Look up in amazement at Girona Cathedral
Sitting atop a throne of 91 stone steps, Girona Cathedral towers over the city and sits within the centre of the Força Vella. It was built between the 11th and 18th centuries, and today features a variety of architectural styles including a Romanesque cloister and an elegant Baroque façade. The cathedral is also home to the widest Gothic nave in the world at 23 metres.
Catedral de Girona, Plaça de la Catedral, Girona, Spain +34 972 42 71 89
Visit the Ancient Arab Baths
An imitation of the Medieval Moslem baths, the Romanesque Banys Àrabs in Girona date all the way back to the 12th century. Visitors can still go inside and visit the various rooms, which include a changing room with octagonal pool, cold room, warm room and caladium or steam bath.
Banys Àrabs, Carrer de Ferran el Catòlic, Girona, Spain +34 972 19 07 97
Marvel at the colourful houses along the River Onyar
There’s no view more photogenic in Girona, than the multi-coloured houses lining the sides of the River Onyar. Think mustard and sunflower yellows, crimsons, Seville oranges and burnt tangerines; intersected by bridges, one of which, the Vermelles Bridge, was built by the Eiffel company in 1827.
‘Take Action’ at the Cinema Museum
Dedicated to the world of the moving image, the Girona Cinema Museum was the first of its kind in Spain when it opened in 1998. The majority of objects belonged to the Tomàs Mallol collection of pre-cinema and cinema objects, comprising approximately 20,000 pieces. The objects date from the mid-seventeenth century to 1970 and include Chinese theatrical lanterns and shadow puppetry, optical boxes, 98 cameras plus images from children’s films.
Take a wander around the Girona Art Museum
Housed in the old Episcopal Palace, the museum features one of the most important collections of Romanesque and Gothic art in Catalonia.
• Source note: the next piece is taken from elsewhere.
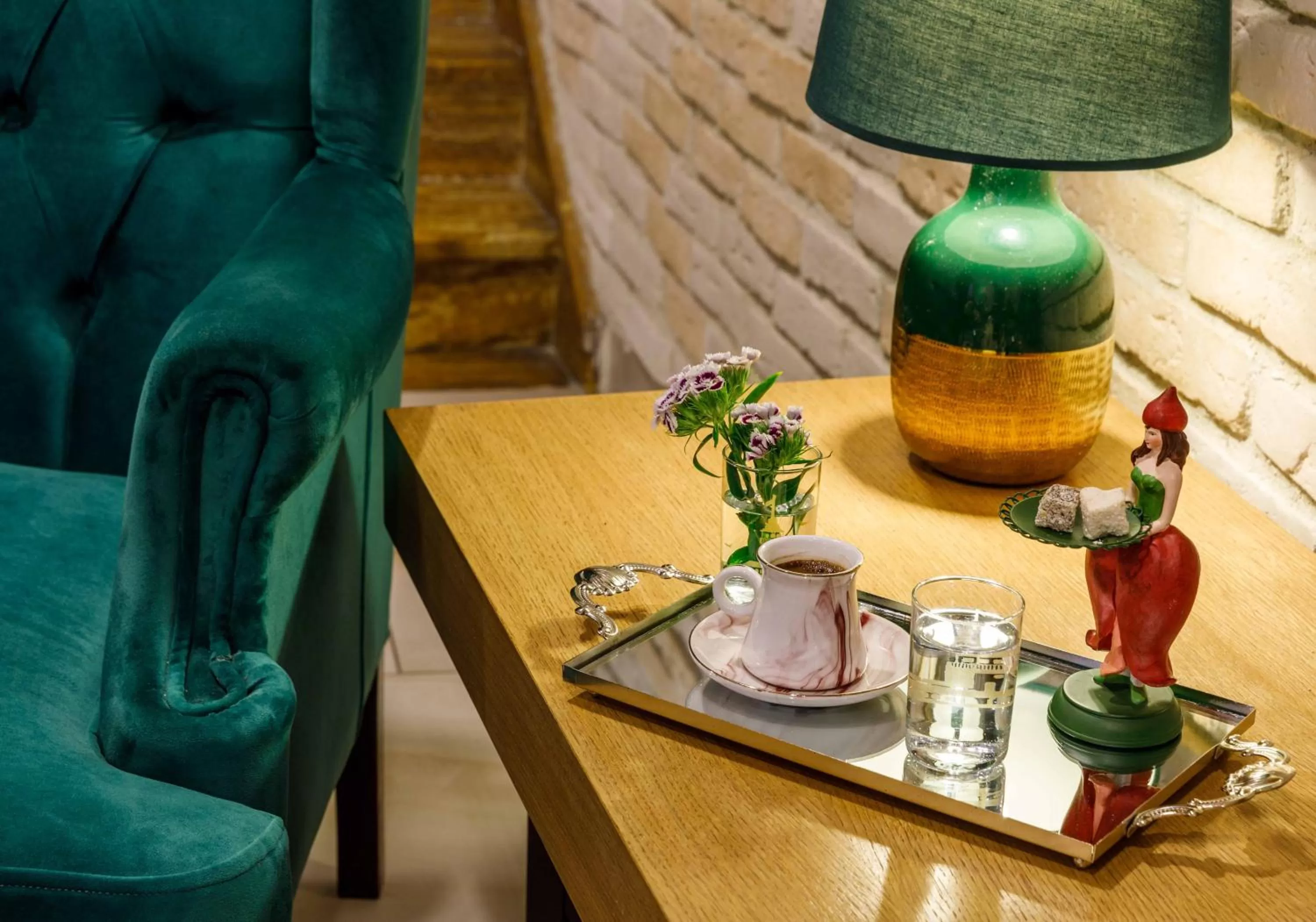 Coffee/tea facilities in Golden Crown Hotel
As well as these two styles, visitors will be able to see Roman, Renaissance, Baroque, Realism and Modernisme. Don’t forget to take your eyes off the art to look around at the palace too – your tour will take you through the throne room, the Episcopal prison, and the Bishop’s Chapel.
Walk the Passeig Arqueològic
The Passeig Arqueològic follows the city’s ancient medieval walls, some of which are the longest sections of Carolingian walls in Europe, built during the 9th century. Along the way visitors will be able to enjoy spectacular city views, the old Arabic Baths and tranquil leafy gardens.
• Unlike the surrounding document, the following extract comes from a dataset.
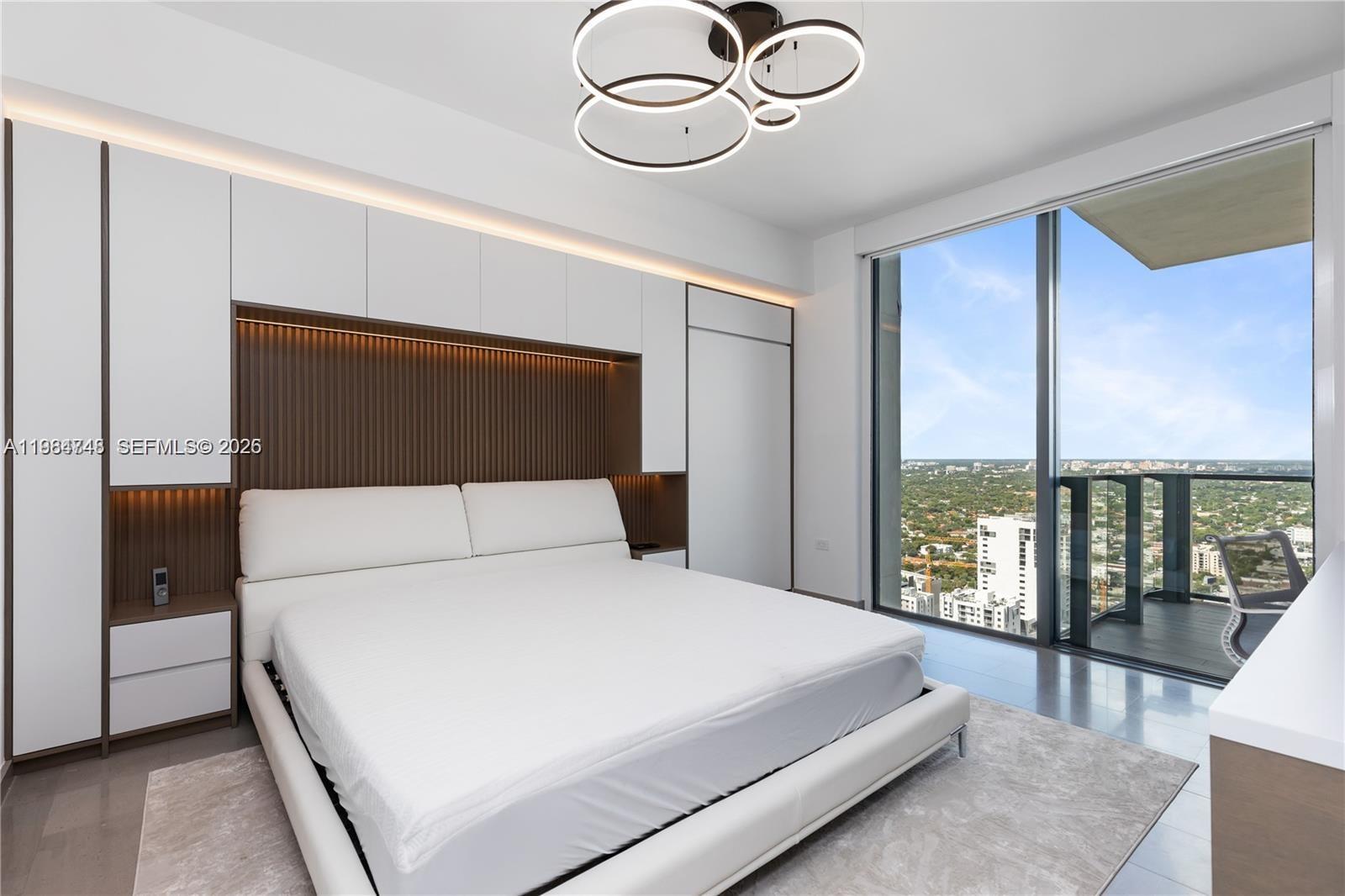 88 Southwest 7th Street, Unit 3406 Miami, FL 33130 - Photo 16 of 39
Dine in one of the world’s best restaurants – El Celler De Can Roca
Winner of ‘World’s Best Restaurant’ in 2013 and 2015, El Celler de Can Roca is still top of its game and has three Michelin stars. Currently at number two on the list, it’s run by the Roca brothers and serves up creative and innovative dishes, but always with classic Catalan home cooking at its core. If you plan on going to Girona and want to dine here, be prepared to put your name on the waiting list up to 11 months in advance.
Learn all about the origins of the city at the Girona History Museum
The Girona History Museum takes visitors on a journey from the city’s beginnings to its modern day, tracing its history back from the first human remains found in the area, to the founding by the Romans, the medieval period and through to the 19th century, the Civil War, the Franco dictatorship and beyond. There is a room dedicated to the Spanish Civil War, as well as one that looks at Girona’s culture such as the traditional sardana dances and cobla bands. The building itself is also worth a look, containing remnants of a late 2nd century or early 3rd century Roman wall.